→ **INFORMATION SHOWN**
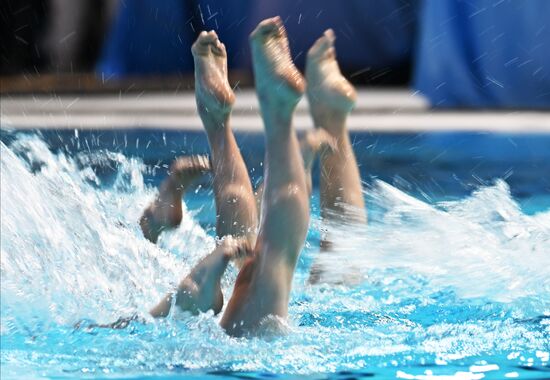 Russia Artistic Swimming Federation Cup Team Technical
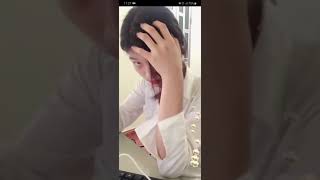 Bigo - em gái teen lộ vú hờ hững cambodia maybe like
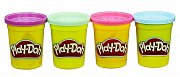 Play-Doh b5517 6510 набор пластилина 4 банки (голубой,фуксия,зеленый,фиолетовый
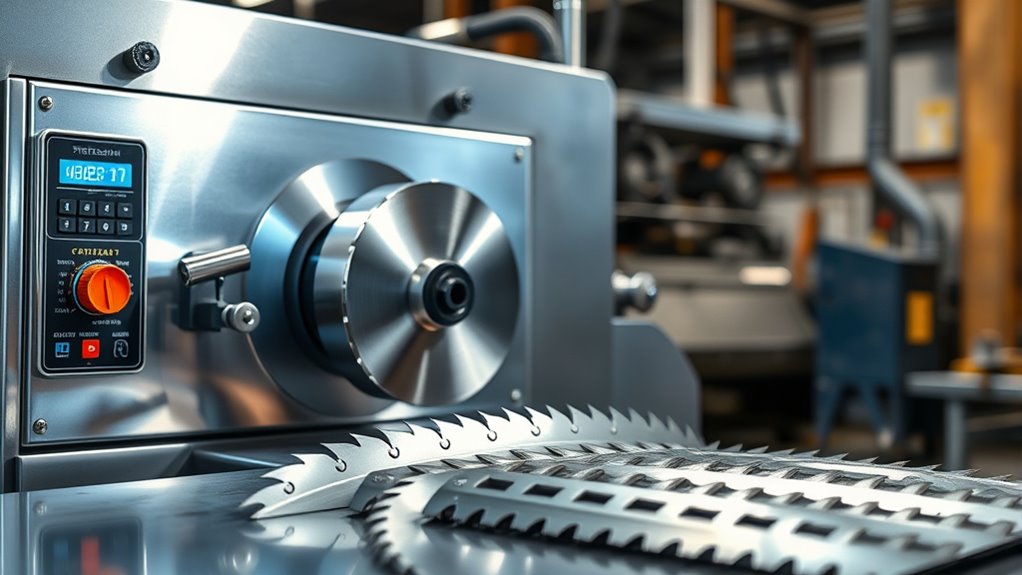 blade sharpener compatibility and precision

→ **EXERCISE BRIEF**
Write out, word for word, the lines running from the one containing "Play-Doh b5517 6510" to the end of the data above; the pictures are to be left out.

→ **EXPECTED ANSWER**
 Play-Doh b5517 6510 набор пластилина 4 банки (голубой,фуксия,зеленый,фиолетовый
 blade sharpener compatibility and precision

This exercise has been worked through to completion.